# Practical Aspects of Deep Learning

Notes from Coursera course by Andrew Ng.

Train/Dev/Test

• Train on train test.
• Dev for hyper param tuning
• Test set for evaluation (unbiased).
• In recent times, dev and test is kept minimal (10,000) and this might be 1% of 1million total.
• Make sure train/dev/test come from the same distribution.
• Ok to not have a test set (replace it as a dev test).

Bias and Variance

high bias - underfitting (high train and dev error) and high variance - overfitting (low train error but higher dev error).

Regularization

• Solve high variance.
• L2 and L1 regularization (Logistic regression use-case)
• Dropout - each node, set a probability of dropping a node in the network.
• Inverted dropout - divide by keep prob. makes the expected value the same. This way no dropout at test time.
• While first testing out model, turn off dropout and plot J wrt num iterations.

Input Normalization

• Normalize input to 0 mean and 1 variance.

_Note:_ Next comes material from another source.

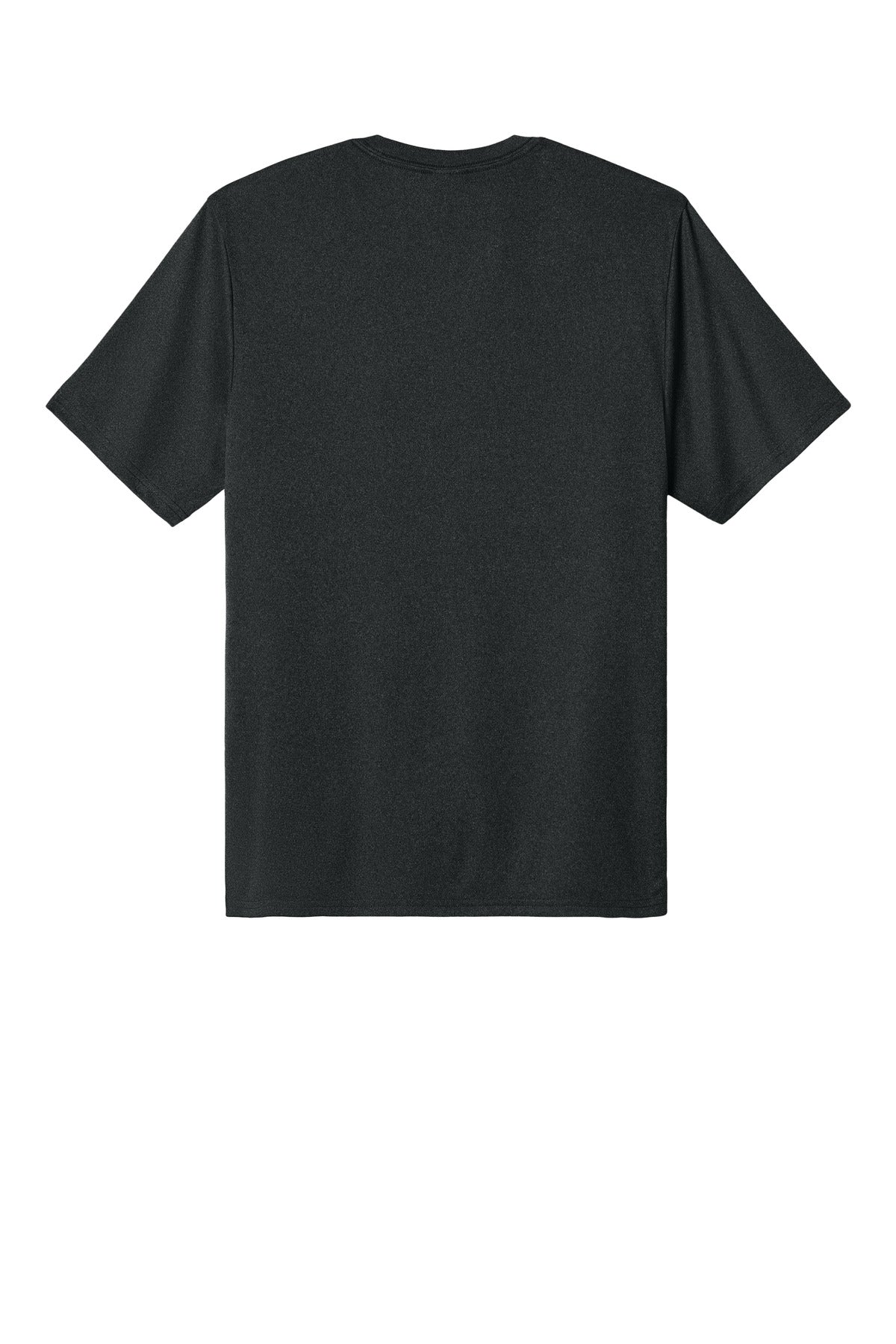 Rear View of BlkHthr Port & Co Heather Performance Tee PC390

Use same mean and variance in train and test set.
• Unnormalized - elliptical cost function whereas normalized is speherical.

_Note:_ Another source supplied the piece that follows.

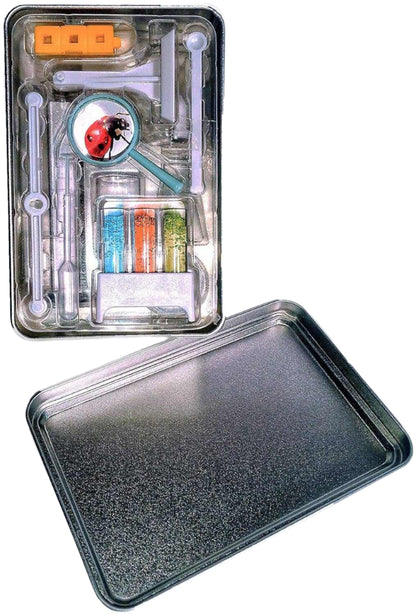 Miniature science lab kit with 24 precision instruments in a compact storage tin.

• For deep networks, if w_i > 1 for each of the layers, then it get too large and vice-versa.
• Initializing the weights randomly.
• Set variance of w_i to 1/n (n is the number of weights in layer)
• Xavier Initialization - sqrt(1/n) and it works well with tanh
• Variance of 2/n works well with ReLu.

Optimization Algorithms

• Exponentially weighted averages (light-weight) as compared to rolling 50-day averages.
• Bias correction (divite by Beta^t)
• Momentum
• Calculate exponentially weighted average of gradients and use that to update weights.
• W = W - alpha * (v_dw) where v_dw = beta * v_dw + (1-beta) * dW where dW is gradient.
• RMSProp
• The main intuition is that we want the learning to slow in vertical direction and speed up in the horizontal direction.
• W = W - alpha * dW / (sqrt(s_dW)) where v_dw = beta * s_dw + (1-beta) * dW^2
• At a very high level, this combines Momentum and RMSProp.
• Adaptive Moment Estimator.
• Learning Rate Decay
• decrease alpha as num epochs increase.

Batch Normalization

• Allows larger range of hyperparams to work and also supports deeper network.
• Usually applied to z (before activation function).
• Calculate mean and variance but learn 2 params (beta and gamma) to reduce it to whatever mean and variance we want (rather than 0 mean and 1 variance).
• Use exponentially weighted averages to calculate mu and sigma and use the final result for test time.